普段仲が悪い癖に、こういう時だけは見事な連携を見せてくる。

ことさらに、実力の違いを見せつけられた。

しかも、マリウスはまだまだ早くできるとか言ってたし、ミストも上位精霊は三体出せるとか言ってた。

その証拠に、連携した二人は、余裕で私に致命傷を与えてくる。ていうか、最近は全部致命傷だった。一瞬の油断もできない。



「ああ、そんな困難な目にあっても、二人のことを愛してやまないなんて、すごすぎます。愛の剣士ソードマン、ヴェルド様。私だったら、もう即O.Kしちゃいますよ! ヴェルド様は他の勇者様と違って優しいですし」

なんだか、その気になっているのが申し訳なかった。ていうか、二人同時に愛してもいいんだ、この世界……。


「あはは、私はまだ十二歳だから、愛なんて、子供には早すぎる話題ですよ」

でもアンタ、最初結婚してると言ってなかったっけ?


それ以前に、なんで二人のことを愛しているなんてことになってるんだ?


でも、愛の剣士ソードマンか……。こうして面と向かって言われると、ますますいらない称号だ。

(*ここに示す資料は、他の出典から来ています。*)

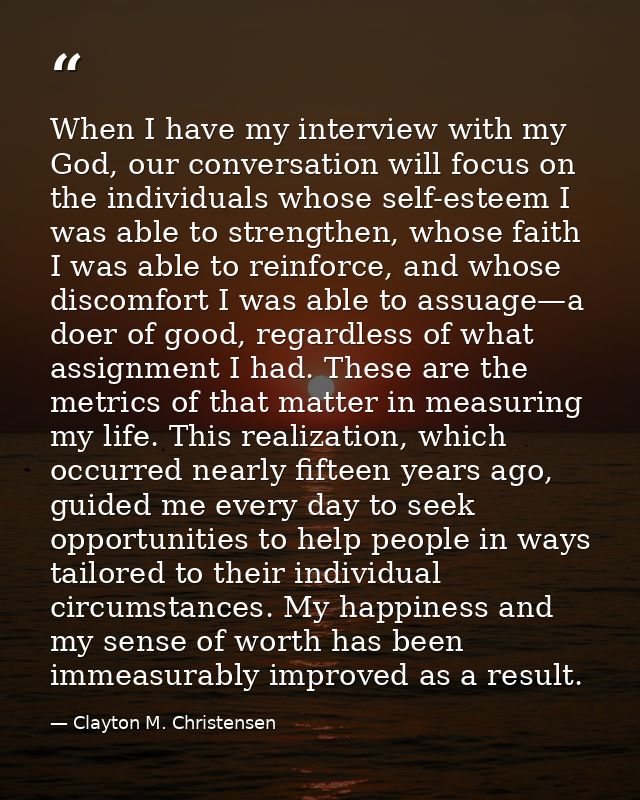 When I have my interview with my God, our conversation will focus on the individuals whose self-esteem I was able to str — Clayton M. Christensen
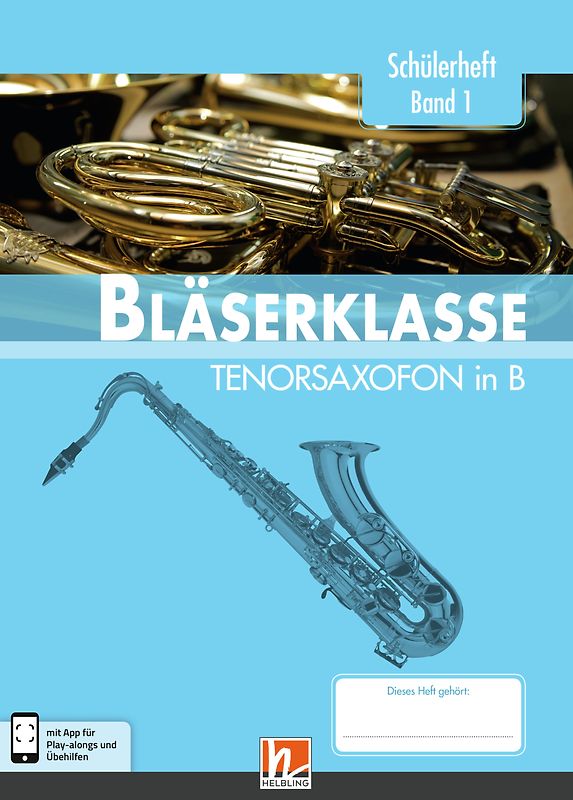 Leitfaden Bläserklasse. Schülerheft Band 1 - Tenorsaxofon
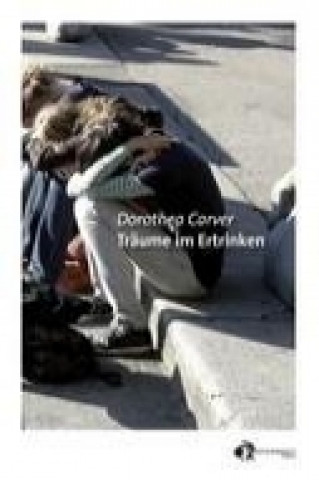 Könyv Träume im Ertrinken Dorothea Carver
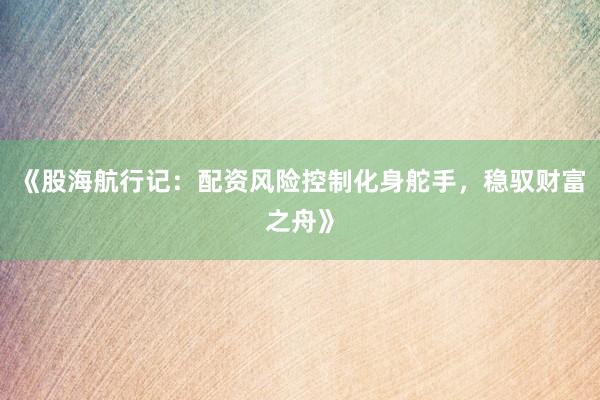 《股海航行记:配资风险控制化身舵手,稳驭财富之舟》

最初、それを聞いた時は、哀の剣士ソードマンだと思ったんだけどな……。


訳の分からない、いらない称号だけど、状態は表している言葉だと思った。

そもそも、それが悪かったかもしれない。

今では、こうして訂正できないほど広まってしまった。


こういう時、漢字がないと不便だと思う。

哀と説明したところで、それはこの世界の人たちには伝わらない。


昔の勇者に、その漢字だけでも導入してほしかったと文句を言いたいところだ。


話しの区切りよさそうだったので、笑顔で受付嬢に手を振って、外に出ようとしたとき、いきなり頭の上から名前を呼ばれた。

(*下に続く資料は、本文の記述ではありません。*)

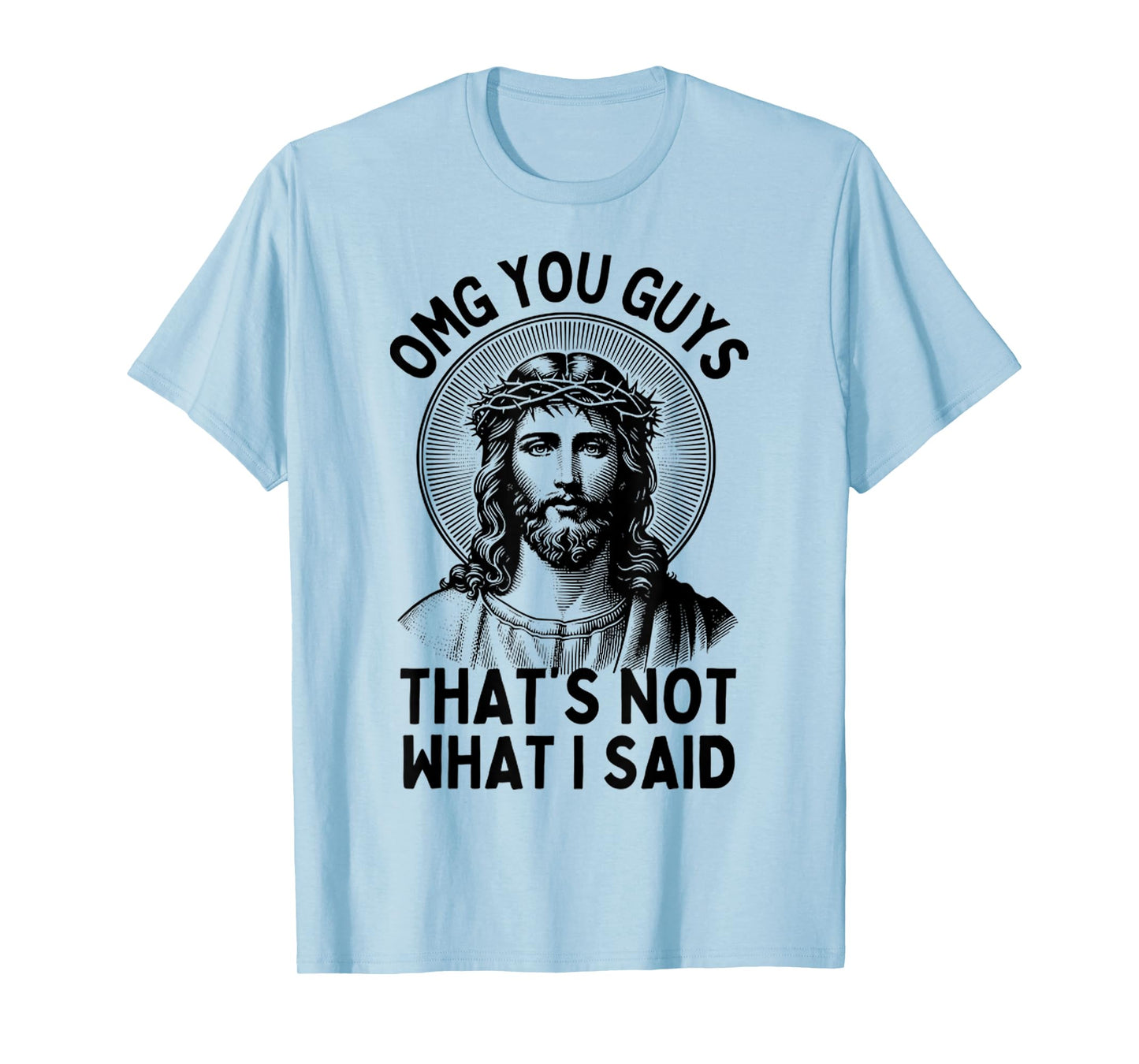 Funny Face Of Jesus OMG You Guys, That's Not What I Said T-Shirt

「愛の剣士ソードマン、ヴェルド様。少しお待ちください」

特徴のある朗らかな声。

明らかに組合長の声だった。



頭の上から聞こえてくるということは、二階から呼びかけているのだろう。

半年前は平伏して話していた人だけど……。

でも、私も、組合長とは仲良くなったと思っている。だから、向こうもそういう風に呼びかけているに違いない。

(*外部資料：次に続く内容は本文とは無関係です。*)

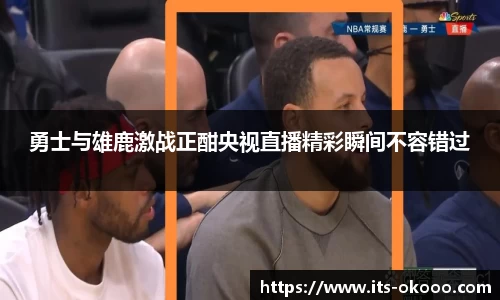 勇士与雄鹿激战正酣央视直播精彩瞬间不容错过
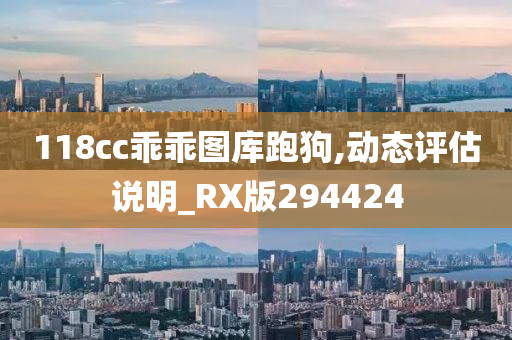 118cc乖乖图库跑狗,动态评估说明_RX版294424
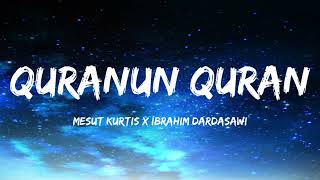 Quranun Quran | Lyrics | Vocals Only | Mesut Kurtis & Ibrahim Dardasawi | قرآنٌ قرآن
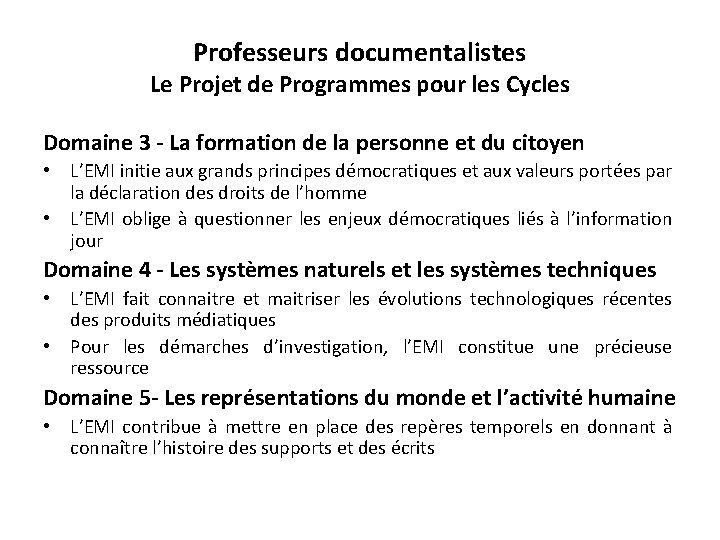 Professeurs documentalistes Le Projet de Programmes pour les Cycles Domaine 3 - La formation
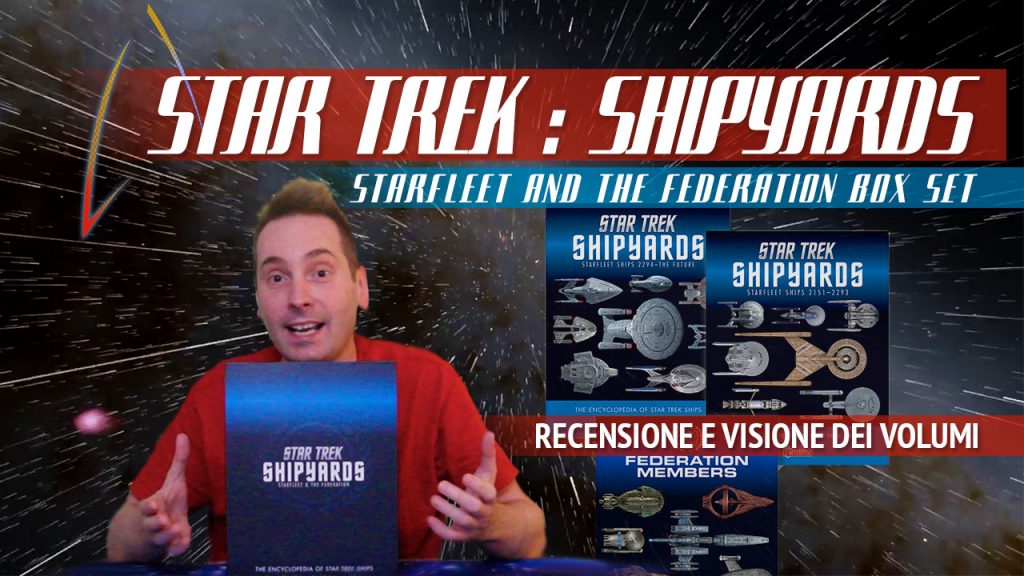 Star Trek:Shipyards presentazione Box Set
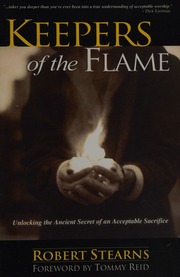 Keepers Of The Flame Unlocking The Ancient Secret Of An Acceptable Sacrifice Stearns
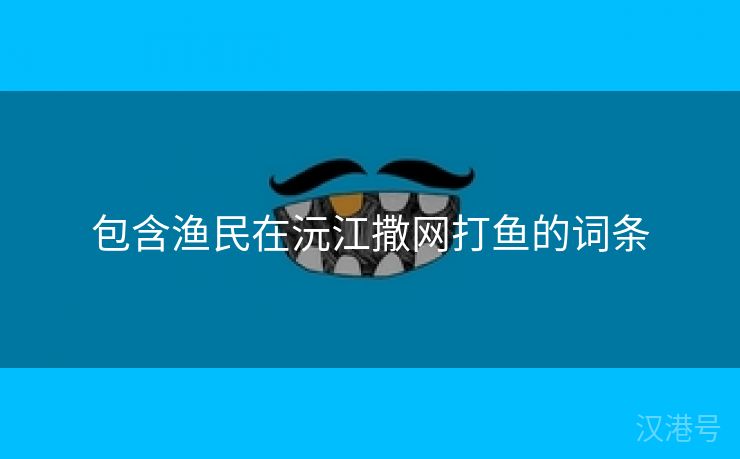 包含渔民在沅江撒网打鱼的词条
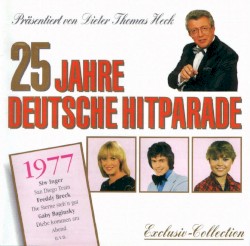 25 Jahre deutsche Hitparade: 1977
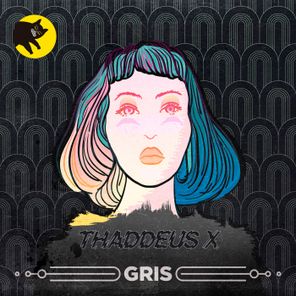 Thaddeus X – Gris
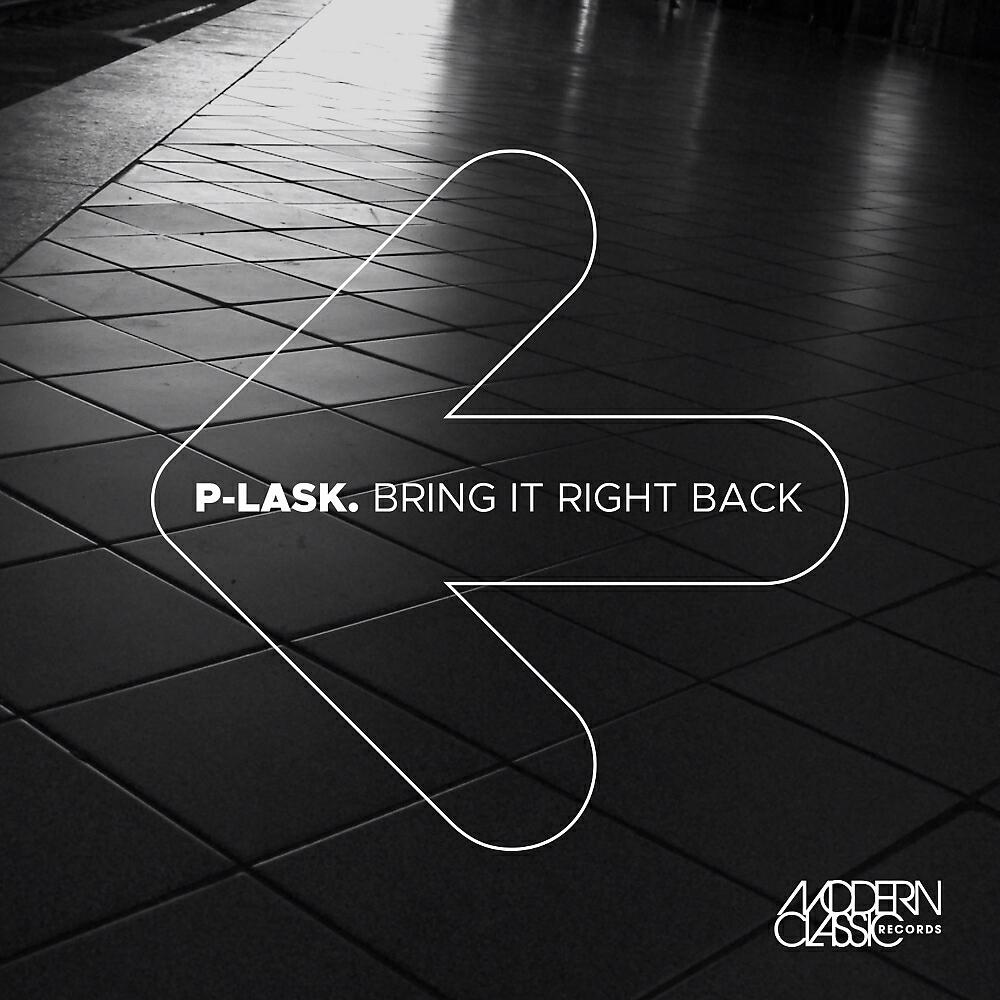 P-LASK - Bring It Right Back (Original Mix)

ただ、今は状況が違う。その呼び方に振り向く必要はない。

無視して扉に向かって歩いていくことにした。


「愛の剣士ソードマン、ヴェルド様。伝説の愛の剣士ソードマン、ヴェルド様。お待ちくださいって、究極の愛の剣士ソードマン、ヴェルド……」

「いえ、それは誰の事か知りませんが、あまり大声で叫ぶと、他のお客様のご迷惑になりますので!」

春陽はるひ鈴音すずねの力を使って、一気に二階まで駆け上った。そして背後から拘束し、片手で口をふさぐ。首だけで了解を伝えてきた組合長を一睨みしてから解放した。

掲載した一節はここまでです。